As an organisation working with 50,000 of England's most deprived and marginalised children and young people, it is always welcome when policies are introduced to tackle some of the more difficult issues affecting them and their families. So we watched with interest on Thursday as prime minister David Cameron unveiled his latest plans to deal with parents and children who so often feel they have been failed by local agencies.
It is positive that the government recognises that families with multiple needs are those who require a far better response to help them over come their difficulties. We know from our own work that it is enormously beneficial for a chaotic family to have intensive support coordinated by a dedicated skilled worker. By developing a trusting relationship, that person can not only challenge but also support and advocate on behalf of parents and children.

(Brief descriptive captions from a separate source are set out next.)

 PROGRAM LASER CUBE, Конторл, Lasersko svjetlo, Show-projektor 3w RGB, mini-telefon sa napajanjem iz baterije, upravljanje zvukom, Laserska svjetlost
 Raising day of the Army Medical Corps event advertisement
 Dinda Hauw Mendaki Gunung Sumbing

But it is important to recognise that there are no quick fixes for those whose problems are often linked with challenging mental health needs, alcohol misuse and poverty. Turning around these families' lives can be a long term process that on the way involves success and failure, and depends a great deal on accessing good quality specialist support as well as achieving financial security.
There are significant lingering questions, particularly around the financing of such an initiative. The prime minister has promised to devote a substantial sum of money to this, through budget reallocations from several government departments. However, as generous as this is, it is not new money, and amounts to just 40% of the total. Individual local authorities, already cash-strapped and cutting services will be forced to contribute the remaining 60%. Where will this money come from? Will it be taken away from other, equally crucial services? For this initiative to work, it has to be within a context of prevention. It is as important that services for the many disadvantaged children and their families who are currently not classed as 'troubled' are sustained as it is to introduce new ones to deal with those who are deemed to be the most problematic.

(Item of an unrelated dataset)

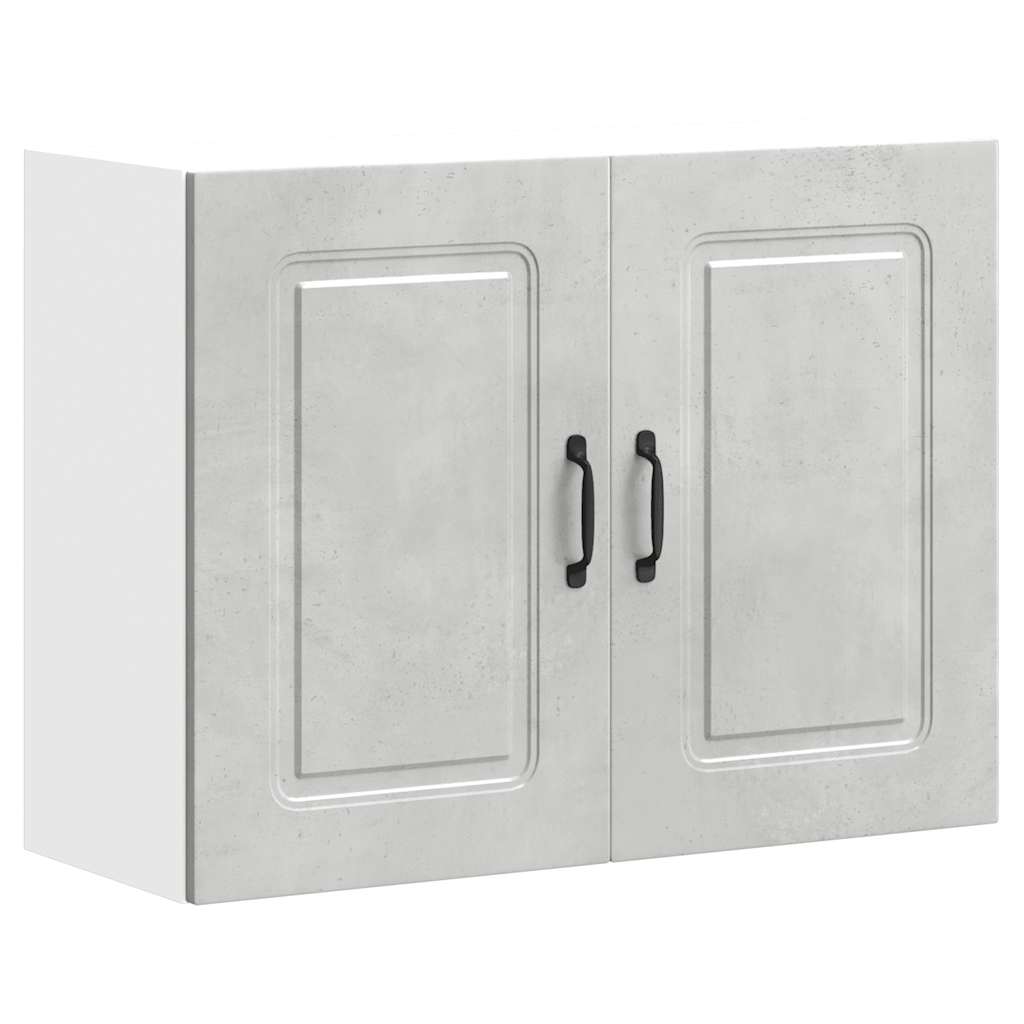 Кухненски стенен шкаф, Kalmar, бетонно сив, инженерно дърво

There are also many families and children that move in and out of crisis following sudden change in their lives who may not be identified as being the most troubled but must be able to access intensive support when they need it. Any new services should work for them as well as being made to work for those currently identified as being in greatest need. It would be a disastrous unintended outcome if support was diminished from one group of families deemed to be less of a priority in order to channel money to those considered to be more deserving.
Will it ultimately deliver the outcome the prime minister is demanding? The four outcomes, of school attendance, 'road back to work', reduce crime and anti-social behaviour and cost savings to public sector, have been generated from a four year evaluation published by the Department for Education today of intensive family intervention programmes which were established by the last Labour government. The evaluation shows no significant improvement on health or family functioning, in other words family relationships and conflict in the home. It demonstrates that tackling complex family problems takes time and delivers mixed results.
Given the wider economic and social pressures in the current era of austerity the task now is even harder than when Labour tried to tackle the same problem. And at the same time there will be more families falling into crisis who have yet to be identified by government. So while the renewed focus on those in greatest need is welcome, it will take far more than a new army of family trouble shooters to address the fundamental causes faced by families with multiple problems.